Qualche mese fa Josefa Idem mi ha raccontato la sua vita di atleta donna che ama la canoa. Uno sport da maschi. Josefa ha battuto loro e i pregiudizi. Come? Vincendo, gareggiando, diventando madre e poi gareggiando e vincendo ancora. Era il 1995 quando nacque Janek, il primogenito di Josefa. Lo allattava prima di infilarsi nel kayak sotto gli sguardi inquisitori di chi ama giudicare ma non guardarsi dentro: o fai l’atleta o fai la mamma.

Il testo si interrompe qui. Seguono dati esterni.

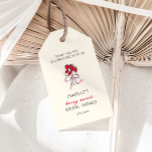 Berry Sweet Strawberry Bridal Shower  Gift Tags<br><div class="desc">Celebrate love and sweetness with our "Berry Sweet Bridal Shower" gift tags features a delightful illustration of a glass filled with juicy, vibrant strawberries, adorned with a cute pink bow – a perfect visual treat that sets the tone for a joyous and memorable bridal shower. The quirky handwritten font adds...</div>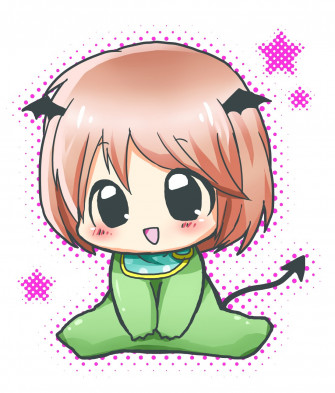 Mao Chibi Devi Devil Zerochan Anime Image Board Mobile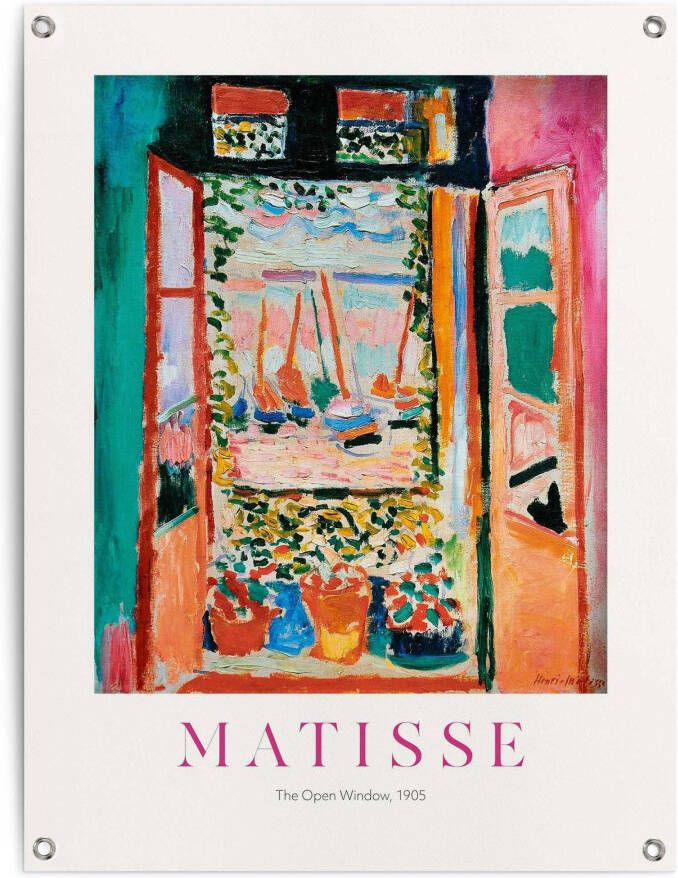 Reinders! Poster Henri Matisse Window Outdoor voor tuin of balkon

Josefa andò a gareggiare all’estero con Janek ancora in culla e l’alloggio che la avevano riservato era all’ultimo piano, distaccato dalle altre stanze. Le spalle larghe e forti, la passione e la professionalità sostenevano Josefa su e giù per quei ripidi gradini, tutti i giorni, con passeggino, seggiolone, pagaia. Quella stanza era la più scomoda da raggiungere e la più distante da tutti gli altri atleti: Josefa e il suo bambino non potevano permettersi di disturbare il riposo altrui.

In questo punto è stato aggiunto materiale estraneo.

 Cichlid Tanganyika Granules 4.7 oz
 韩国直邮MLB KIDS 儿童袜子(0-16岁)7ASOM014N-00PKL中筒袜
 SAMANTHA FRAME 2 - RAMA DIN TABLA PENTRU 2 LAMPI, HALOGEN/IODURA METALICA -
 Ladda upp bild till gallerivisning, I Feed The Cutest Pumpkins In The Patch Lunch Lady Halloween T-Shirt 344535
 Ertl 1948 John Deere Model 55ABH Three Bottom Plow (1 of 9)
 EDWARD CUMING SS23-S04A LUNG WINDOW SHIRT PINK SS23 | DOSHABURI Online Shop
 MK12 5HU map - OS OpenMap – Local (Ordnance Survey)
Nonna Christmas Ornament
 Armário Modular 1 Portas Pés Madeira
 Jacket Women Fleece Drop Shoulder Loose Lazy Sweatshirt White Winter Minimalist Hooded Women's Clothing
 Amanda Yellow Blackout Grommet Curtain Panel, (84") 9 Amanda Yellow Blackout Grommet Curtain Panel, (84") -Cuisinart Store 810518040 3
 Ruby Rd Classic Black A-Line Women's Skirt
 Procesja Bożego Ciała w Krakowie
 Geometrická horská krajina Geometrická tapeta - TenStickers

Essere madre e atleta professionista è stata dura. Per tutti risultava inconcepibile. E fino al 19 novembre 2020 lo era anche per le calciatrici. Ma finalmente la svolta è arrivata: la FIFPro (federazione internazionale dei calciatori professionisti) e la FIFA hanno introdotto nuove tutele per per le donne nel calcio. Una data storica in cui è stato deciso che dal 1 gennaio 2021 alle calciatrici sarà garantito un minimo di quattordici settimane di congedo di maternità (almeno 8 delle quali dopo il parto) e un indennizzo pari ad almeno due terzi dei compensi previsti in precedenza.

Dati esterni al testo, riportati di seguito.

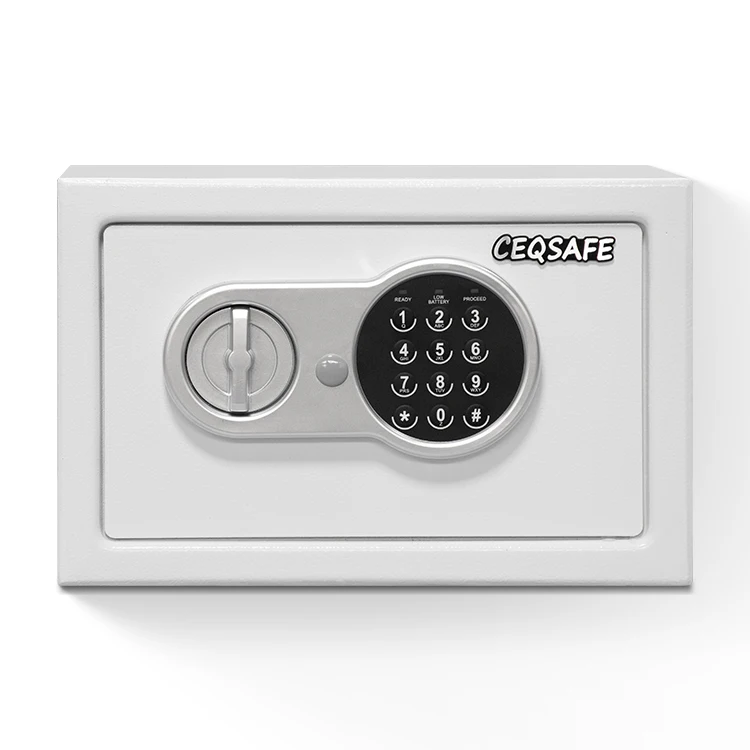 CEQSAFE Hotel Home Sale Change Code Bank Battery Dead Flat Replacement Argo Electronic Cheap Digital Mini Safe Box for Money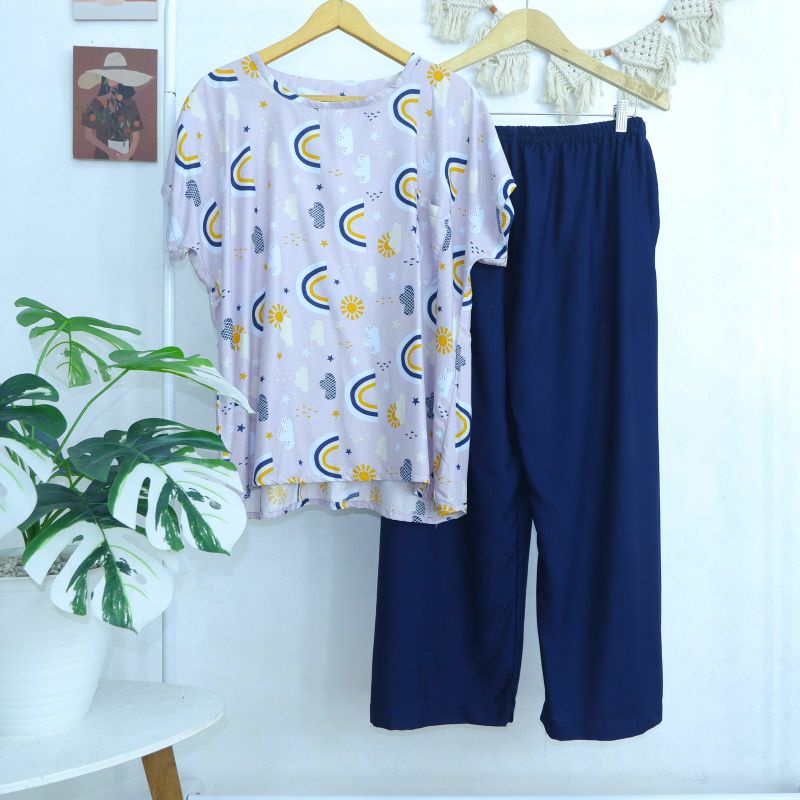 BABYDOLL JUMBO RAYON FIT TO XXXL LD 130 (CELANA PANJANG) SERI 1 LD125 LD130-PJXL 18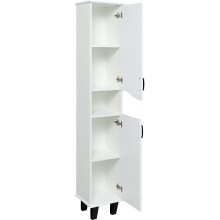 Шкаф пенал Runo Марсель 30 R 00-00001000 Белый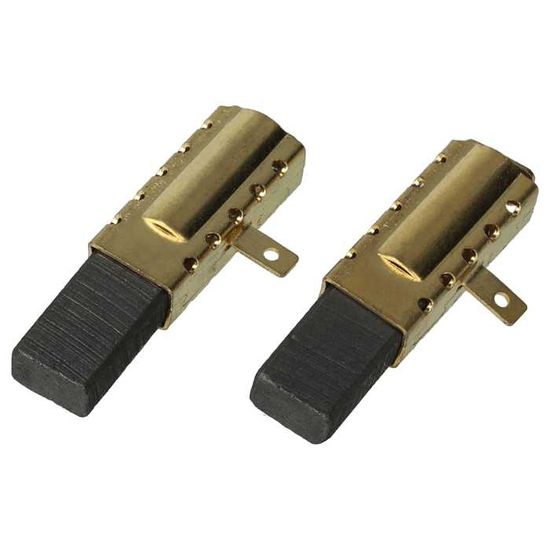 2 Balais De Charbon 7x11x16.5 Mm Pour Hitachi WR22SA - Compatible Référence 999-043 - Marque Vhbw - 5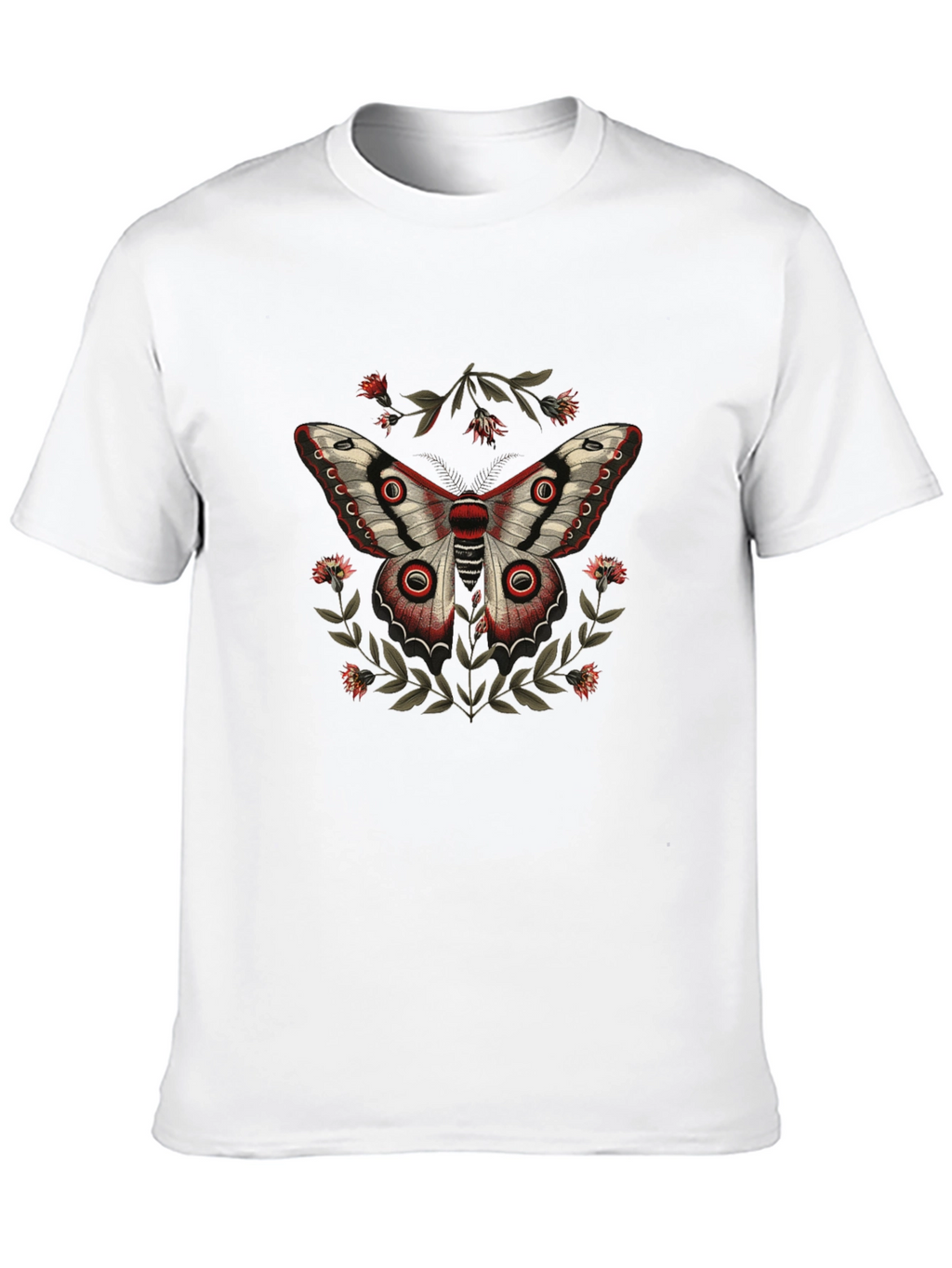 Butterfly Graphic Print Mens Black T-shirt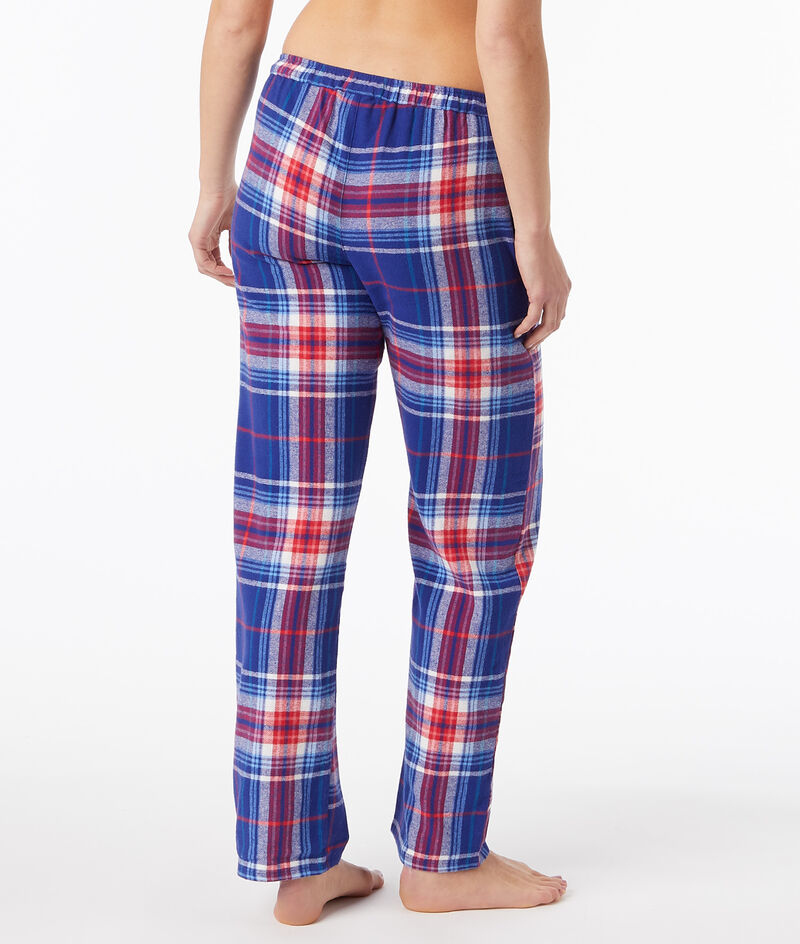 Pantalon de pyjama à carreaux 100% coton biologique;${refinementColor}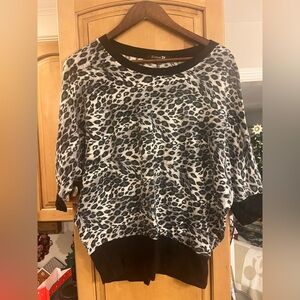 Forever 21 Cheetah Print Sweater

Si può, dunque, essere calciatrici e madri. Atlete professioniste e mamme. Senza dover scegliere, finalmente. Le calciatrici avranno anche il diritto di rimanere tesserate con la loro società di appartenenza durante il periodo di maternità. Nel caso in cui poi, nel corso della maternità, le società dovessero decidere di rescindere il contratto, dovranno motivarlo in maniera valida e dettagliata e dovranno risarcire la giocatrice con 6 mensilità.
Questi nuovi regolamenti andranno a integrarsi anche nel percorso che il calcio femminile sta facendo in Italia, quando nella stagione 2022/23 verrà riconosciuto lo status di professioniste alle giocatrici, avvicinandoci sempre più a quelle che sono le reali esigenze dello sport al femminile. Come quando Josefa gareggiava con la sua canoa e in base alle condizioni doveva scegliere tra due modi di pagaiare, uno con l’acqua e uno contro, dove l’aspetto fondamentale era ed è comunque sempre quello di mantenere la direzione giusta.